Odd Portfolios Are Good Bet
For investors who want to be well-positioned for a turnaround in Asia, their best bet might be to ignore recent performance and look for mutual funds with the most unusual portfolios.
That’s because it’s the oddball funds, such as the $38 million Matthews Pacific Tiger Fund and the $12 million Lexington Crosby Small Cap Asia Growth Fund, that may be best poised to profit when Asia recovers, according to an analyst at mutual fund researcher Morningstar Inc.
For aggressive investors, “I’d look beyond funds invested in the main Asian markets and blue chips,” said Bill Rocco, an analyst at Morningstar who specializes in emerging-market funds and recommends both the Lexington and Matthews funds because they are “strong stocking-picking funds.”

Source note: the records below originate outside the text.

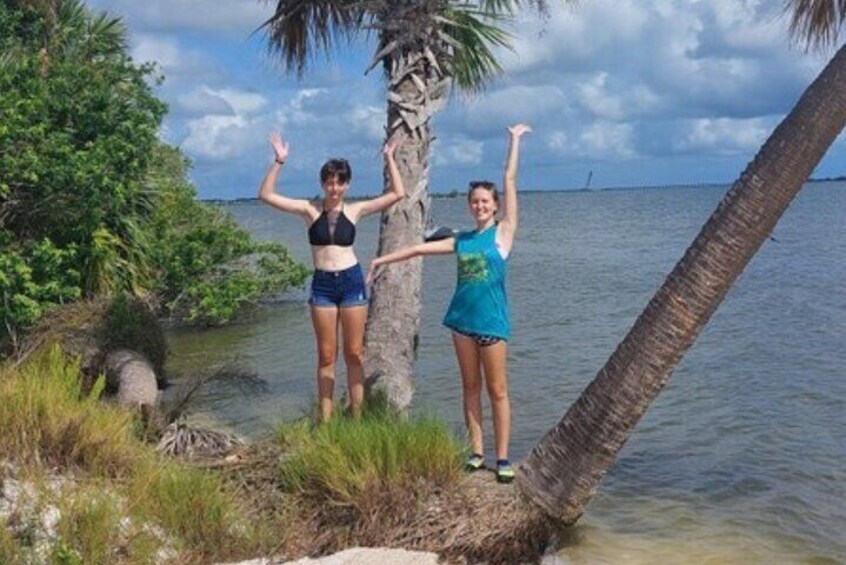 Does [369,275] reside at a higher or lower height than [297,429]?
higher

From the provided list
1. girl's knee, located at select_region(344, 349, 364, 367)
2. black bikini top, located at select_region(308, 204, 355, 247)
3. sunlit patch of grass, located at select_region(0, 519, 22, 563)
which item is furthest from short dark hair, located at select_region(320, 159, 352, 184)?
sunlit patch of grass, located at select_region(0, 519, 22, 563)

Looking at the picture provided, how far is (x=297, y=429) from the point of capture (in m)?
7.32

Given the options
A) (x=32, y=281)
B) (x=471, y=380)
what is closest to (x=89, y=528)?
(x=471, y=380)

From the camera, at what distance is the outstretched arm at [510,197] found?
6.88 m

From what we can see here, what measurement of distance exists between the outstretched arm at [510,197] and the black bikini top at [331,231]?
1.17 m

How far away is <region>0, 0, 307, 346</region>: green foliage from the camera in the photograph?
1177 cm

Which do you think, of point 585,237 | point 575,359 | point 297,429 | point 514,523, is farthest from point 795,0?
point 585,237

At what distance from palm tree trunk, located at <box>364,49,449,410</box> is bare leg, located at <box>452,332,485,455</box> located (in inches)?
71.5

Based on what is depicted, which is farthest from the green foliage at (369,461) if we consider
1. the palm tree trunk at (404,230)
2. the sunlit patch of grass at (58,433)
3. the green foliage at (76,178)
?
the green foliage at (76,178)

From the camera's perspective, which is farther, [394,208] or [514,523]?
[394,208]

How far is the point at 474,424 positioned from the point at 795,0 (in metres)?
3.78

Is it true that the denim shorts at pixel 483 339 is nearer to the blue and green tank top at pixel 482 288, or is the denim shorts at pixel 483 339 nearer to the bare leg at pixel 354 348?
the blue and green tank top at pixel 482 288

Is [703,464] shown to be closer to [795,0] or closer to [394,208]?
[394,208]

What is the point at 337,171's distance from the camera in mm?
7449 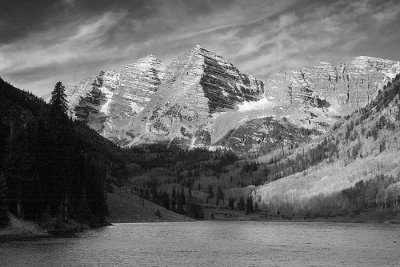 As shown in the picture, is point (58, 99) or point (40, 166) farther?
point (58, 99)

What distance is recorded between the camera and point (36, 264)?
65750 millimetres

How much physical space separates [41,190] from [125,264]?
4474 cm

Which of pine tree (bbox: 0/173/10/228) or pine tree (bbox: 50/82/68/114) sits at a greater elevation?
pine tree (bbox: 50/82/68/114)

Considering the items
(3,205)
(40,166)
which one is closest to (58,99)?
(40,166)

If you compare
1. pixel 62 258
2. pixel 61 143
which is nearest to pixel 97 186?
pixel 61 143

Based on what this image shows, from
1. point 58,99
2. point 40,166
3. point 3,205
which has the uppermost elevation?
point 58,99

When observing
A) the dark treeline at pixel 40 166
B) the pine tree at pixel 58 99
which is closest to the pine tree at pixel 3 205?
the dark treeline at pixel 40 166

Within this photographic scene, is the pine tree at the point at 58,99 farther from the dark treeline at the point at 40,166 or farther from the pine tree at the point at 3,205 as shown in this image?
the pine tree at the point at 3,205

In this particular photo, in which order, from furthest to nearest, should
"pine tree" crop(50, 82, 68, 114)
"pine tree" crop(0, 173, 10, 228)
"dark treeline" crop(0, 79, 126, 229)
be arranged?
"pine tree" crop(50, 82, 68, 114)
"dark treeline" crop(0, 79, 126, 229)
"pine tree" crop(0, 173, 10, 228)

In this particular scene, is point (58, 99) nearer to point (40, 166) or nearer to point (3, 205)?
point (40, 166)

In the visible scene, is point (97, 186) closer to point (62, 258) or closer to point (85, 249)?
point (85, 249)

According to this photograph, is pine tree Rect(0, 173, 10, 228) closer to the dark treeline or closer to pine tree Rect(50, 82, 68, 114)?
the dark treeline

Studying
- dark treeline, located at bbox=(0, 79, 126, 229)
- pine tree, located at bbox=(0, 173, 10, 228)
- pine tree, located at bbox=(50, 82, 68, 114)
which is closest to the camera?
pine tree, located at bbox=(0, 173, 10, 228)

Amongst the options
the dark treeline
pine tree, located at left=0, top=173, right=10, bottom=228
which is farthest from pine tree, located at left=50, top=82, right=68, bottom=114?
pine tree, located at left=0, top=173, right=10, bottom=228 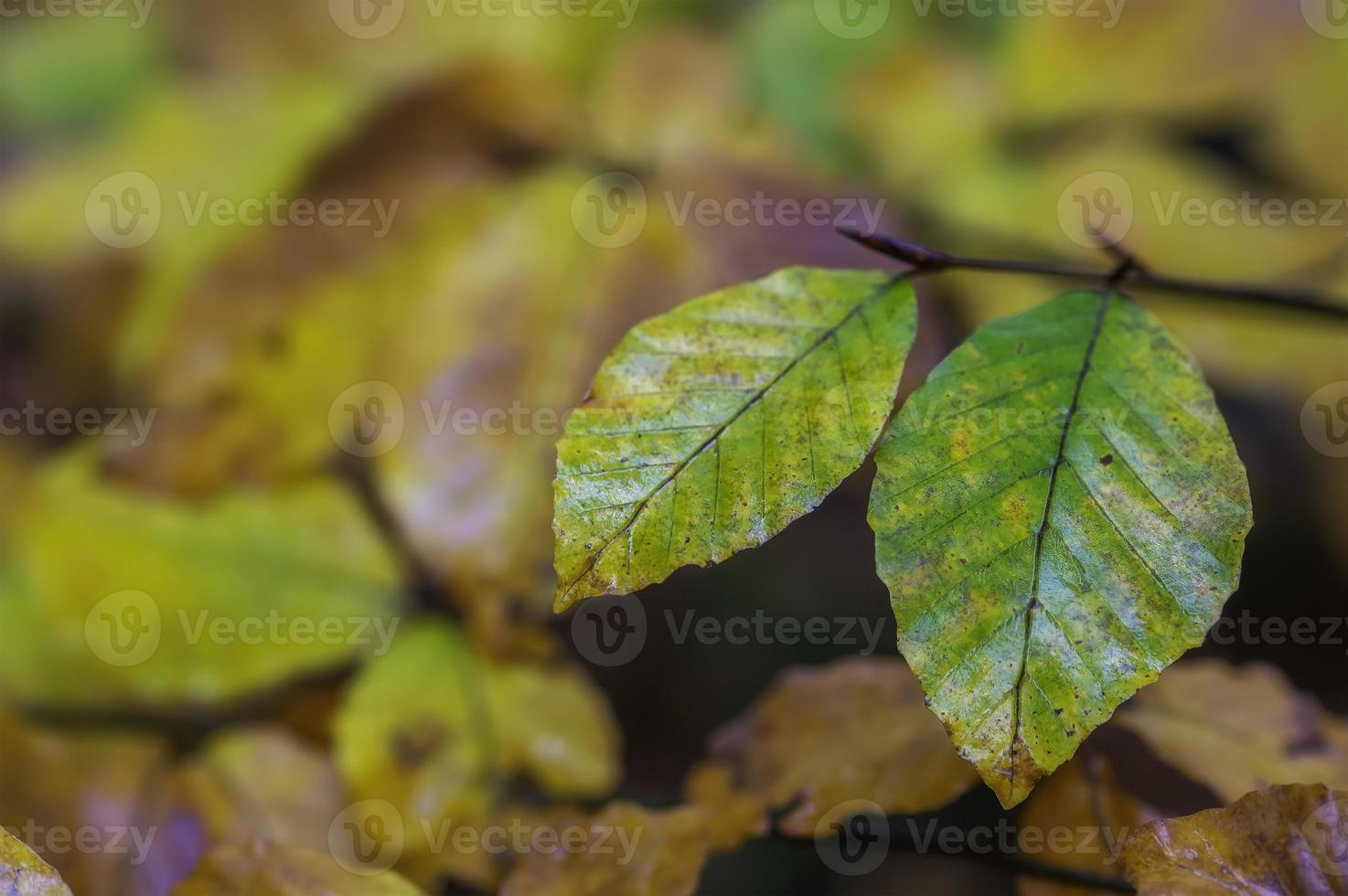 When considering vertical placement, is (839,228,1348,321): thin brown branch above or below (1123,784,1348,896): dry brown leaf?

Most Pacific Rim funds that exclude Japan have fled to blue-chip Hong Kong companies as safe havens, or have loaded up on cash, helping them to keep average losses to 35.52 percent last year, according to Lipper Analytical Services.
Not these two.
While the Matthews fund has 32 percent of assets in Hong Kong, “most of our holdings are niche companies” like Vitasoy International Holdings Ltd., which makes non-alcoholic drinks, said Mark Headley, who manages the fund. “Our portfolio doesn’t look like anyone else’s.”
Matthews also has 8 percent of its assets in South Korea, 7 percent in the Philippines and 4 percent each in Malaysia, Indonesia and Thailand. Many other Asian funds have gotten out of these countries all together.
Matthews Pacific Tiger fund lost about 41 percent of its money last year, and is down about 10 percent so far this year. The best performing Asian fund this year, the Phoenix Aberdeen New Asia Fund, is only down 4.38 percent.
Nonetheless, investors have been pumping cash into the Matthews fund, whose assets climbed by 20 percent in the last week.
The Lexington Crosby fund has also attracted some investor money, said Larry Kantor, managing director of Lexington Global Asset Managers, although it has been turning away investments of $300,000 or more from any one investor to help avoid hot money jumping in and out of the fund.